Problem to solve =>
Note on the material below: return exactly the lines from the line that holds "video canicula incinge" through the line that holds "冰箱、洗碗机、厨具/餐具", and leave out each picture.
START Extracted data
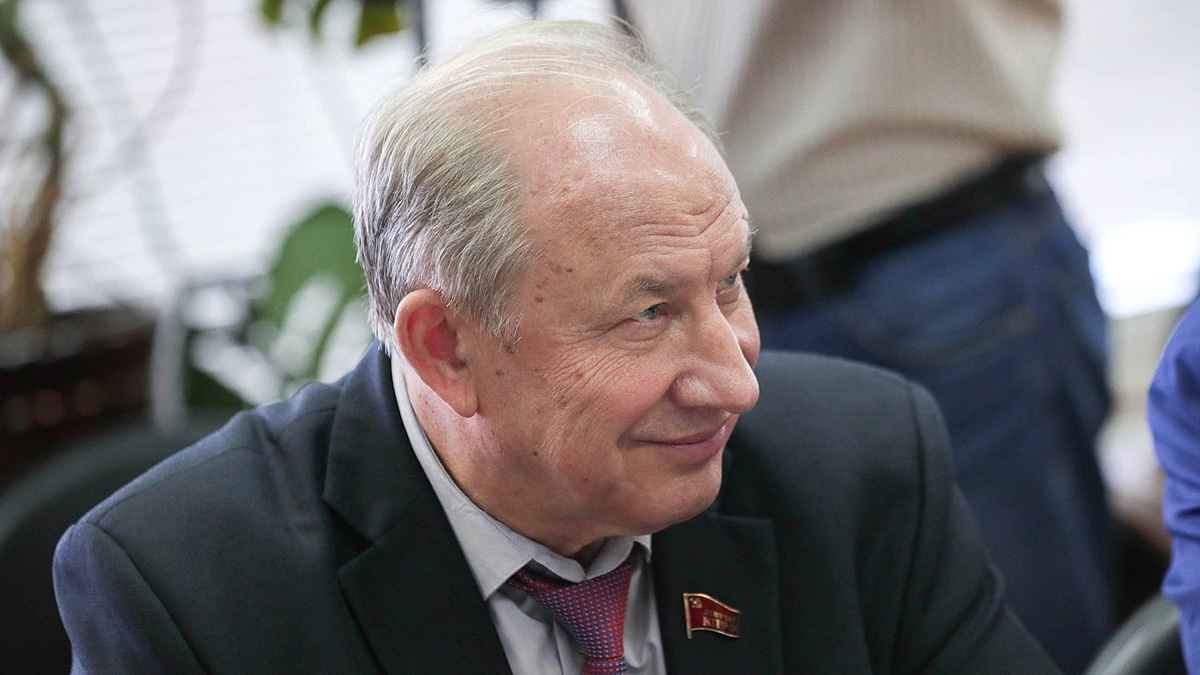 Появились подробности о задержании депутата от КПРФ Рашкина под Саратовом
END Extracted data
START Extracted data
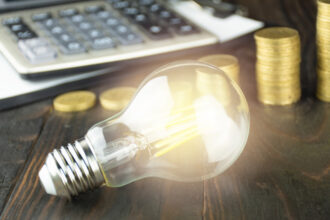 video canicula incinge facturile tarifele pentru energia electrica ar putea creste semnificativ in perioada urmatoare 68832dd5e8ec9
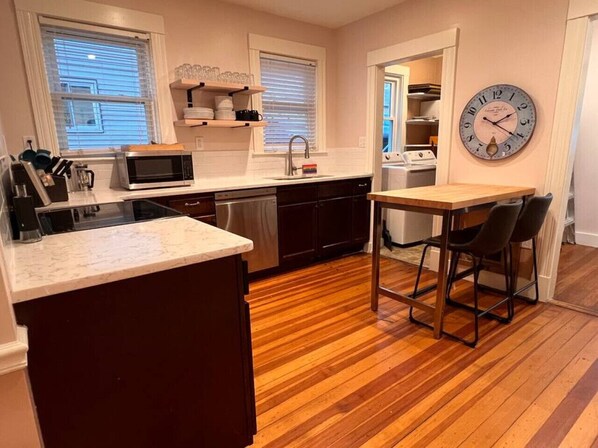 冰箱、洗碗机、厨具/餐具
END Extracted data
Output of the exercise =>
 video canicula incinge facturile tarifele pentru energia electrica ar putea creste semnificativ in perioada urmatoare 68832dd5e8ec9
 冰箱、洗碗机、厨具/餐具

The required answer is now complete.